We’re highlighting some of our most gorgeous viaducts that can be enjoyed this summer, which also happen to be near some wonderful walking routes in England and Wales.
In the south of England, Cannington Viaduct remains an impressive feature from the former single track branch line, Axminster & Lyme Regis Light Railway. At the time the viaduct was one of a few such structures made entirely from concrete rather than brick.
The Grade II listed viaduct is 200 yards long, comprises ten elliptical arches – standing at an impressive 92 feet at its highest point. During construction the west end settled, so bricks were added to the third arch to stabilise it, giving the viaduct a unique appearance.
The branch line opened to traffic in the summer of 1903, carrying people from London to the sea – closing in 1965.
The Jurassic Coast World Heritage Site is just three miles away from this hidden gem, free to be enjoyed by walkers, cyclists and dogs alike.

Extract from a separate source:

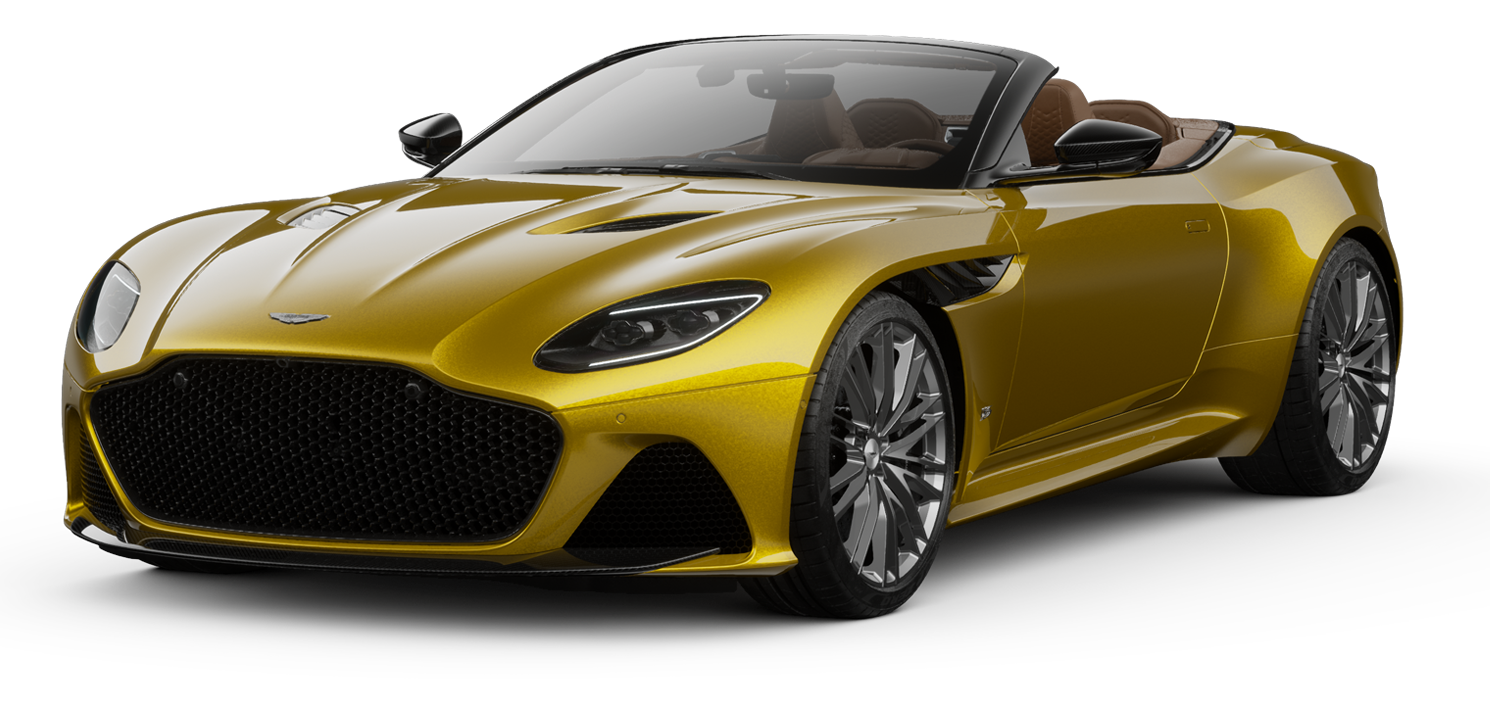 Aston Martin DBS | Aston Martin | Aston Martin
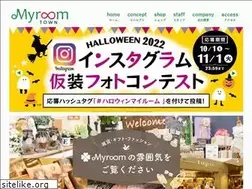 Sites similar to myroom.net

Berw Viaduct, which is nestled in the valleys of Pontypridd spanning the river Taff, was engineered by Isambard Kingdom Brunel. Considered to be ‘one of the greatest figures of the Industrial Revolution’ he developed ground-breaking designs and ingenious constructions.
Opened in 1885 as an extension to the Taff Vale Railway to serve Abion Colliery, Cilfynydd the bridge was used for the coal mining industries, which were expanding at the time in Wales. The viaduct was listed in 1995 and is a rare example of a structure of its kind in South Wales.
It also happens to be just under half a mile away from the Taff Trail. The 55-mile route between Cardiff and Brecon runs along a mixture of riverside paths, railway paths and forest roads. Cycle route number 8 from Sustrans cycling network takes around five hours to cycle or 18 hours to walk.
River Eden Viaduct, also known as Waverley Viaduct in Cumbria was once part of the former Carlisle to Edinburgh line. Made from red sandstone blocks from the local area the double track deck spans the River Eden, on a slight curve.
The viaduct can be viewed to anyone walking along the river Eden and is close to the Hadrian's Wall path. The 84 mile (135 Km) National Trail stretches coast to coast across northern England, from Wallsend, Newcastle-upon-Tyne in the east to Bowness-on-Solway on the west. Waverley viaduct was closed in 1966 after the Beeching Report.
Other structures you can enjoy this summer include Teviot viaduct (also known as Roxburgh viaduct) in Scotland, Tidenham tunnel in Wye Valley, Bennerley viaduct in Derbyshire, Burnden and Darcy Lever viaduct in Manchester and finally Pensford viaduct in Bristol.
So, what are you waiting for? Get your shoes on, connect with people, nature and enjoy some truly unique architecture from our Estate this Summer.